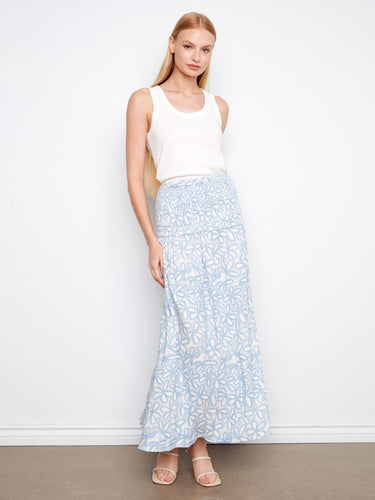 Elegant and adaptable, this piece transforms from skirt to dress effortlessly. Highlighting its removable straps by Charlie B.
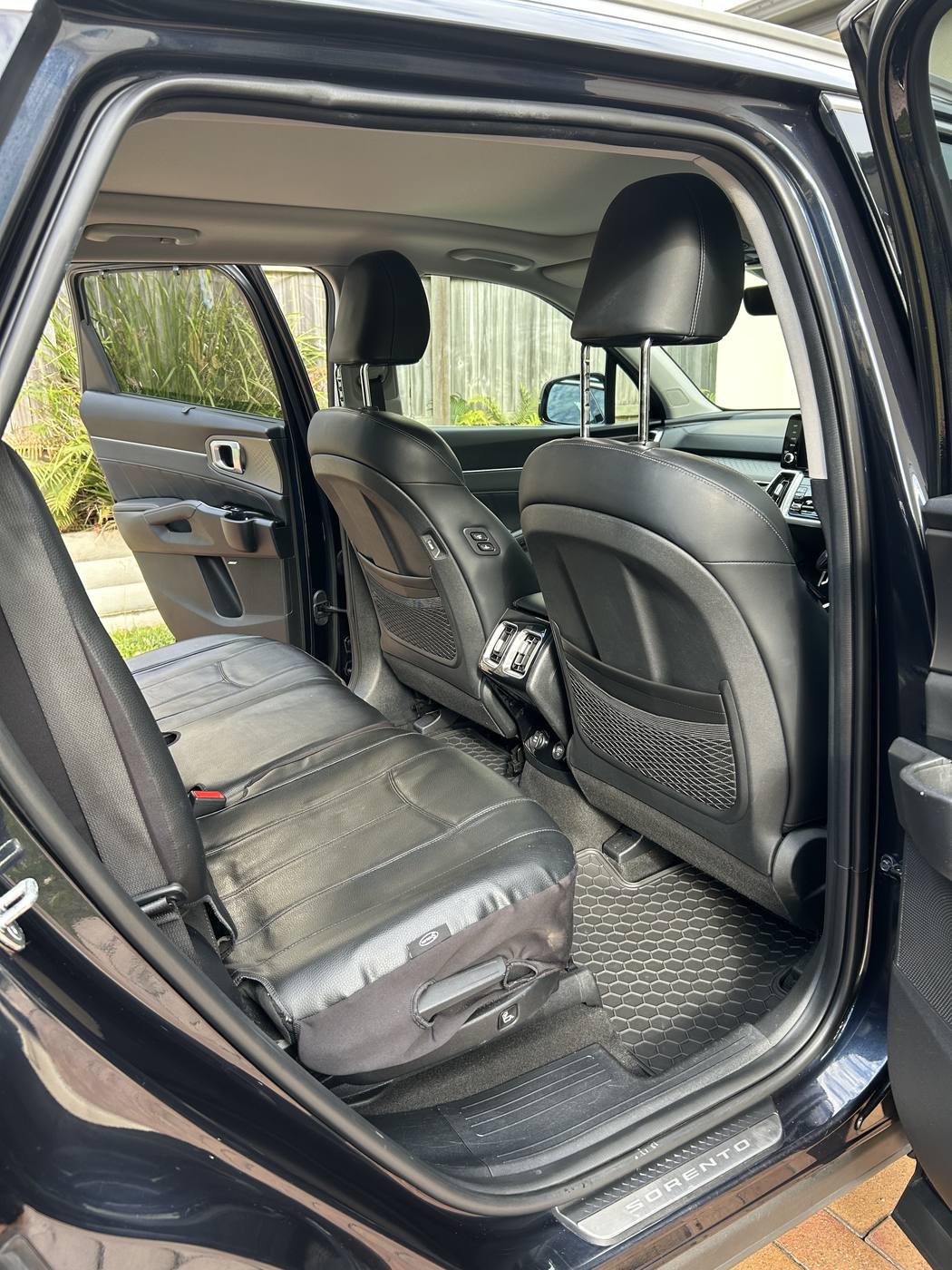 Kia Sorento rear seats after detailing — clean leather and fresh mats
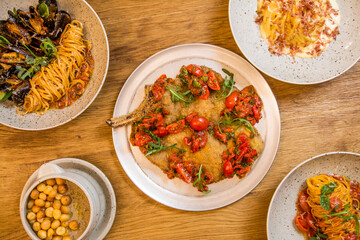 italian food, pasta, tomatoes, pizza, collage on the table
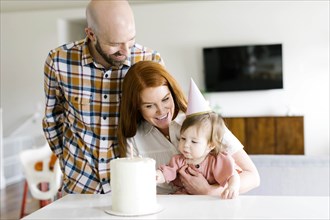 Parents and daughter with birthday cake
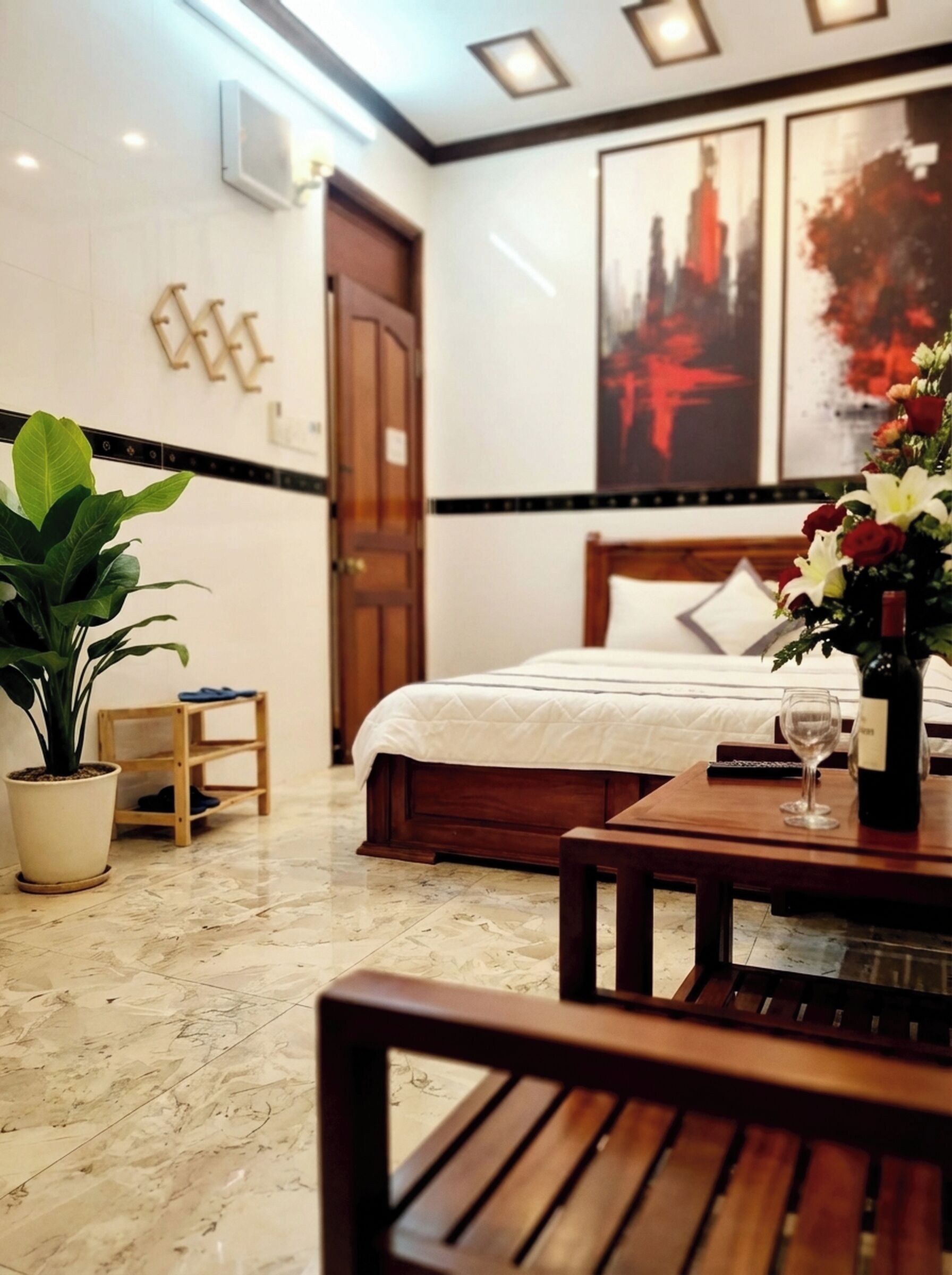 A hotel room with a bed, a wooden nightstand, a potted plant, a small table with a wine bottle and glass, and a large painting on the wall.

**Your goal:**
From the first line to the last, write out the data exactly, dropping any pictures.

**Written answer:**
 Elegant and adaptable, this piece transforms from skirt to dress effortlessly. Highlighting its removable straps by Charlie B.
 Kia Sorento rear seats after detailing — clean leather and fresh mats
 italian food, pasta, tomatoes, pizza, collage on the table
 Parents and daughter with birthday cake
 A hotel room with a bed, a wooden nightstand, a potted plant, a small table with a wine bottle and glass, and a large painting on the wall.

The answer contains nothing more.